> [What is required] Every entry in the listing is to be reproduced exactly.

> [Records to use]

=====

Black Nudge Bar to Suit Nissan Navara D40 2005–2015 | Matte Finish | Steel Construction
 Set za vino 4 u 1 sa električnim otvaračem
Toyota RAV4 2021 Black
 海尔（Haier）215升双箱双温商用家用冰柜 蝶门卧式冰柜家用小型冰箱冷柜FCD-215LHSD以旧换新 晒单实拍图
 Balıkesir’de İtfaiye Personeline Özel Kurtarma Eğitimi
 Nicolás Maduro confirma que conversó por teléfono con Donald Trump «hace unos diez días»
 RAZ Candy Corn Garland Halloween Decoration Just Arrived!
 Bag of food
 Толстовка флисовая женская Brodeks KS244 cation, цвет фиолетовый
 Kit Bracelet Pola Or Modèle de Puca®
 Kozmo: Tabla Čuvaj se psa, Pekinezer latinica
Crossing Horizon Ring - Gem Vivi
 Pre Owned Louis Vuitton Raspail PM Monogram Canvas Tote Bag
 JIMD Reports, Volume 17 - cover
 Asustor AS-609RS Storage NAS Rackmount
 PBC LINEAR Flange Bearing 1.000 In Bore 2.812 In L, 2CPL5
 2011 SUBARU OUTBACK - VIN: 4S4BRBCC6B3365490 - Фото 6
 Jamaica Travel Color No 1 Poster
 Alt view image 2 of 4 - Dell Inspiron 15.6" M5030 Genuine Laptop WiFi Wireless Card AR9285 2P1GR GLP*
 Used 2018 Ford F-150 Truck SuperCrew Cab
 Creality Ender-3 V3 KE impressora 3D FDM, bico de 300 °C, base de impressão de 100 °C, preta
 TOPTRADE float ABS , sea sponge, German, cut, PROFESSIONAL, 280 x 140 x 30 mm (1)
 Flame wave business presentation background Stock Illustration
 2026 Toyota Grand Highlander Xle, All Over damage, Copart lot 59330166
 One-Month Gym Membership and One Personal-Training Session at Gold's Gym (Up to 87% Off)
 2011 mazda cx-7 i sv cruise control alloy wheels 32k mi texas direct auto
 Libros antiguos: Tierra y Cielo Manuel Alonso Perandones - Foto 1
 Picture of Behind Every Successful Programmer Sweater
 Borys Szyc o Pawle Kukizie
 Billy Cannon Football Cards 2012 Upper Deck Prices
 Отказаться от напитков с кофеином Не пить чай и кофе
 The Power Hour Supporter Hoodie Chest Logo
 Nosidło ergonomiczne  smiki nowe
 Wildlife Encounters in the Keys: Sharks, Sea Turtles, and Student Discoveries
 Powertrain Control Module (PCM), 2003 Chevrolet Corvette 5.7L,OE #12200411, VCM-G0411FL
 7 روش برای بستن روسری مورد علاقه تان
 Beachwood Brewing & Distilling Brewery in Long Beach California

=====

> [Task output]
Black Nudge Bar to Suit Nissan Navara D40 2005–2015 | Matte Finish | Steel Construction
 Set za vino 4 u 1 sa električnim otvaračem
Toyota RAV4 2021 Black
 海尔（Haier）215升双箱双温商用家用冰柜 蝶门卧式冰柜家用小型冰箱冷柜FCD-215LHSD以旧换新 晒单实拍图
 Balıkesir’de İtfaiye Personeline Özel Kurtarma Eğitimi
 Nicolás Maduro confirma que conversó por teléfono con Donald Trump «hace unos diez días»
 RAZ Candy Corn Garland Halloween Decoration Just Arrived!
 Bag of food
 Толстовка флисовая женская Brodeks KS244 cation, цвет фиолетовый
 Kit Bracelet Pola Or Modèle de Puca®
 Kozmo: Tabla Čuvaj se psa, Pekinezer latinica
Crossing Horizon Ring - Gem Vivi
 Pre Owned Louis Vuitton Raspail PM Monogram Canvas Tote Bag
 JIMD Reports, Volume 17 - cover
 Asustor AS-609RS Storage NAS Rackmount
 PBC LINEAR Flange Bearing 1.000 In Bore 2.812 In L, 2CPL5
 2011 SUBARU OUTBACK - VIN: 4S4BRBCC6B3365490 - Фото 6
 Jamaica Travel Color No 1 Poster
 Alt view image 2 of 4 - Dell Inspiron 15.6" M5030 Genuine Laptop WiFi Wireless Card AR9285 2P1GR GLP*
 Used 2018 Ford F-150 Truck SuperCrew Cab
 Creality Ender-3 V3 KE impressora 3D FDM, bico de 300 °C, base de impressão de 100 °C, preta
 TOPTRADE float ABS , sea sponge, German, cut, PROFESSIONAL, 280 x 140 x 30 mm (1)
 Flame wave business presentation background Stock Illustration
 2026 Toyota Grand Highlander Xle, All Over damage, Copart lot 59330166
 One-Month Gym Membership and One Personal-Training Session at Gold's Gym (Up to 87% Off)
 2011 mazda cx-7 i sv cruise control alloy wheels 32k mi texas direct auto
 Libros antiguos: Tierra y Cielo Manuel Alonso Perandones - Foto 1
 Picture of Behind Every Successful Programmer Sweater
 Borys Szyc o Pawle Kukizie
 Billy Cannon Football Cards 2012 Upper Deck Prices
 Отказаться от напитков с кофеином Не пить чай и кофе
 The Power Hour Supporter Hoodie Chest Logo
 Nosidło ergonomiczne  smiki nowe
 Wildlife Encounters in the Keys: Sharks, Sea Turtles, and Student Discoveries
 Powertrain Control Module (PCM), 2003 Chevrolet Corvette 5.7L,OE #12200411, VCM-G0411FL
 7 روش برای بستن روسری مورد علاقه تان
 Beachwood Brewing & Distilling Brewery in Long Beach California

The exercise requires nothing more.